Your objective:
Which of the lines in the records below hold the string "Piece"? Copy every one of them.

Task data:
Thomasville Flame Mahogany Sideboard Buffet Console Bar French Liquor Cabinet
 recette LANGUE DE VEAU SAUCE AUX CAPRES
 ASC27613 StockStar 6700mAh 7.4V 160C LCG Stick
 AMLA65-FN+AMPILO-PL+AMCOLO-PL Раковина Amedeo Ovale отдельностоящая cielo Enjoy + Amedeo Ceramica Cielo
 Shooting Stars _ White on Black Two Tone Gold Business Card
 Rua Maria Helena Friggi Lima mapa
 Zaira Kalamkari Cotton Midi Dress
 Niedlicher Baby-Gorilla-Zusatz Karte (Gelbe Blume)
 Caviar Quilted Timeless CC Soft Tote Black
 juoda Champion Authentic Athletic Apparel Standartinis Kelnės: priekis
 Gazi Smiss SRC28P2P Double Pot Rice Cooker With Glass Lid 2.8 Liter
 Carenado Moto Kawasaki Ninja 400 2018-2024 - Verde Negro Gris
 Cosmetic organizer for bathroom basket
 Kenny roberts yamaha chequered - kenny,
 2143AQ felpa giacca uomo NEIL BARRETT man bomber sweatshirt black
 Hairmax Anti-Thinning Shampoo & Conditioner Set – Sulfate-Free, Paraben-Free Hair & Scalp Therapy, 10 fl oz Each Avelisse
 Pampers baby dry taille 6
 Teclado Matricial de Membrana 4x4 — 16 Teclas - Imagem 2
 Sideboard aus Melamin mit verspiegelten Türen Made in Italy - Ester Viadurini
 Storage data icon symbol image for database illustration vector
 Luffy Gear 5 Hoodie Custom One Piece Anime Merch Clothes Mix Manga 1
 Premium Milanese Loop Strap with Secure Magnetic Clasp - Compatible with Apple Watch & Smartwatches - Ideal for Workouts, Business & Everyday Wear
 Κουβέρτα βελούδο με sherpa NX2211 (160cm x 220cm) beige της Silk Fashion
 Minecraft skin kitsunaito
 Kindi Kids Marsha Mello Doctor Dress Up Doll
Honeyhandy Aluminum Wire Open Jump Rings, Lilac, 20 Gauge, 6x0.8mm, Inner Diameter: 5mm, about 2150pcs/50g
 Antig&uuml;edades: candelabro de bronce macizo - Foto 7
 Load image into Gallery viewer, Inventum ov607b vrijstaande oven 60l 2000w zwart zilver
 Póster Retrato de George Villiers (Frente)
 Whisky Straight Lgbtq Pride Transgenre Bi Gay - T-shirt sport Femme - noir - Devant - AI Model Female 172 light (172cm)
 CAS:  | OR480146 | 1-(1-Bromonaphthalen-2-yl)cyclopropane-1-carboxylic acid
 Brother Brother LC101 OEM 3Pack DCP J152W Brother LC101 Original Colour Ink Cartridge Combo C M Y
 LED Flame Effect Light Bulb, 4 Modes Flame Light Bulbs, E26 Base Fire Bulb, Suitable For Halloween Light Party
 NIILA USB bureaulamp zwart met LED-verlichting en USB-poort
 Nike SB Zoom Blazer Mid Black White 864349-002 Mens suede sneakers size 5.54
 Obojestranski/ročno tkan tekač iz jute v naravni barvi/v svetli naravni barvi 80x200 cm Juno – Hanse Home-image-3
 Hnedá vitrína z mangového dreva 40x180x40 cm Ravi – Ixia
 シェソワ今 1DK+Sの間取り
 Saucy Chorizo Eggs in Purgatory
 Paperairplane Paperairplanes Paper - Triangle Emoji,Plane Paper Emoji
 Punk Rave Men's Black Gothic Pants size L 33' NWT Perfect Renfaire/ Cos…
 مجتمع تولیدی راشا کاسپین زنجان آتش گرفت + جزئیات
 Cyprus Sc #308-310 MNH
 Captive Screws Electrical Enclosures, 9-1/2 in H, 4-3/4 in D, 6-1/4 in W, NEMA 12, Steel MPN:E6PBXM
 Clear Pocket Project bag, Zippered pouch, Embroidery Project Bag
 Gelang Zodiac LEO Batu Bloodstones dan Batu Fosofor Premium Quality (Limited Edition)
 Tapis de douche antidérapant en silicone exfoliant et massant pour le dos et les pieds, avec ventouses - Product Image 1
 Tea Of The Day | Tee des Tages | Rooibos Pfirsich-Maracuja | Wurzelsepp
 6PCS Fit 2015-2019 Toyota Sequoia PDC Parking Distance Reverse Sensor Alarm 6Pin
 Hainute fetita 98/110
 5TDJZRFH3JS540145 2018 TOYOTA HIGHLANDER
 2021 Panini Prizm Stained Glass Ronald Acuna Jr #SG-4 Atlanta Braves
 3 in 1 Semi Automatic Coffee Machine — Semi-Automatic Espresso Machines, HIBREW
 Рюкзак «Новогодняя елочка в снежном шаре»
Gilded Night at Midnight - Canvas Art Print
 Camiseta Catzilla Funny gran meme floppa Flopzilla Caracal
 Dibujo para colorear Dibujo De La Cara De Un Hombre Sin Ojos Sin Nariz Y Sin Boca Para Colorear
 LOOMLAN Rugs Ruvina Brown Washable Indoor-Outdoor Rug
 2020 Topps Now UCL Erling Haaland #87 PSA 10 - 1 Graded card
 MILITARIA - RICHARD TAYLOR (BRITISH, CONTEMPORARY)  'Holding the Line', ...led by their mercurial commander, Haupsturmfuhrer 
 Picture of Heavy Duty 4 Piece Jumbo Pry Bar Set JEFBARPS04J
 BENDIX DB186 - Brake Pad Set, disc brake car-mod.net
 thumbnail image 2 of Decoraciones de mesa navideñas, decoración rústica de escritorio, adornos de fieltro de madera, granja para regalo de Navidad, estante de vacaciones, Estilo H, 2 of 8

Expected answer:
 Luffy Gear 5 Hoodie Custom One Piece Anime Merch Clothes Mix Manga 1
 Picture of Heavy Duty 4 Piece Jumbo Pry Bar Set JEFBARPS04J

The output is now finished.